File Metadata Extraction API

The Synvo API provides intelligent metadata extraction from uploaded files. Extract structured summaries, content, and hashtags from documents, images, videos, and web pages to enable powerful search and discovery capabilities.

Authentication

All endpoints require authentication via:

API Key: X-API-Key: <token>

Base URL

https://api.synvo.ai

Get Metadata by File ID

Retrieves extracted metadata for a specific file using its unique identifier.

Endpoint: GET /metadata/search_by_id/{file_id}/

Path Parameters

Parameter	Type	Required	Description
`file_id`	string	Yes	Unique file identifier returned from upload

Query Parameters

Parameter	Type	Default	Description
`sub_user_name`	string	default	Optional sub-user name under the authenticated account

Example Request

curl -X GET "https://api.synvo.ai/metadata/search_by_id/doc_abc123xyz/" \
  -H "X-API-Key: ${API_TOKEN}" \
  -H "Content-Type: application/json"

import requests

api_token = "<API_TOKEN>"
file_id = "doc_abc123xyz"
url = f"https://api.synvo.ai/metadata/search_by_id/{file_id}/"
headers = {
    "X-API-Key": api_token,
    "Content-Type": "application/json"
}

response = requests.get(url, headers=headers, timeout=30)
response.raise_for_status()
print(response.json())

const apiToken = "<API_TOKEN>";
const fileId = "doc_abc123xyz";

const response = await fetch(
  `https://api.synvo.ai/metadata/search_by_id/${fileId}/`,
  {
    method: "GET",
    headers: {
      "X-API-Key": apiToken,
      "Content-Type": "application/json"
    }
  }
);

if (!response.ok) {
  throw new Error(`Request failed: ${response.status}`);
}

console.log(await response.json());

Example Response

{
  "summary": "This research paper explores the implementation of RAG (Retrieval-Augmented Generation) systems in enterprise environments.
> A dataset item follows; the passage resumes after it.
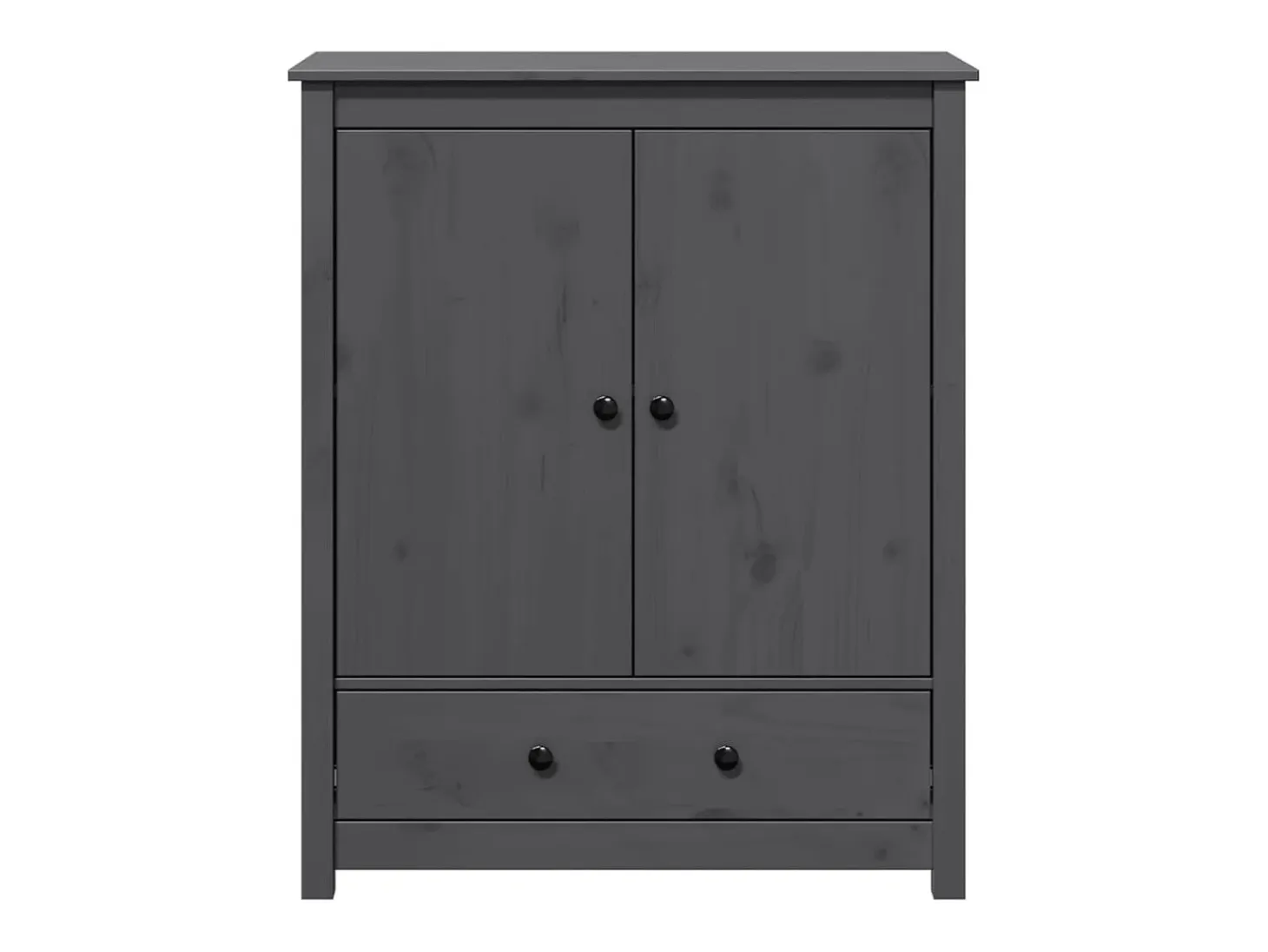 Aparador buffet cómoda mueble almacenaje organizador cocina salón salón 83 x 41,5 x 100 cm madera maciza de pino gris 02_0031808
The document covers architecture patterns, performance optimizations, and real-world case studies from Fortune 500 companies. Key findings include a 40% improvement in response accuracy and 60% reduction in hallucinations when implementing hybrid retrieval strategies.",
  "content": "Title: Enterprise RAG Systems: Architecture and Implementation\nAuthor: Dr. Sarah Chen, Prof. Michael Zhang\nInstitution: Stanford AI Lab\nPublication Date: November 2024\nAbstract: Retrieval-Augmented Generation (RAG) has emerged as a critical technology for enterprise AI applications...\nKeywords: RAG, Enterprise AI, Vector Databases, Hybrid Search\n1. Introduction\nThe adoption of large language models in enterprise settings has accelerated dramatically...\n2. Architecture Overview\n2.1 Vector Database Selection\n2.2 Embedding Models\n2.3 Retrieval Strategies\n3. Performance Metrics\n- Latency: <100ms for 95th percentile\n- Accuracy: 92% on domain-specific benchmarks\n- Scalability: Tested up to 10M documents",
  "hash_tags": [
    "#RAG",
    "#EnterpriseAI",
    "#VectorDatabases",
    "#MachineLearning",
    "#NLP",
    "#InformationRetrieval",
    "#AIArchitecture",
    "#PerformanceOptimization"
  ]
}

Response Codes

200 - Metadata retrieved successfully
400 - Invalid request
401 - Unauthorized
404 - File ID not found

Get Metadata by File Path

Retrieves extracted metadata for a specific file using its storage path.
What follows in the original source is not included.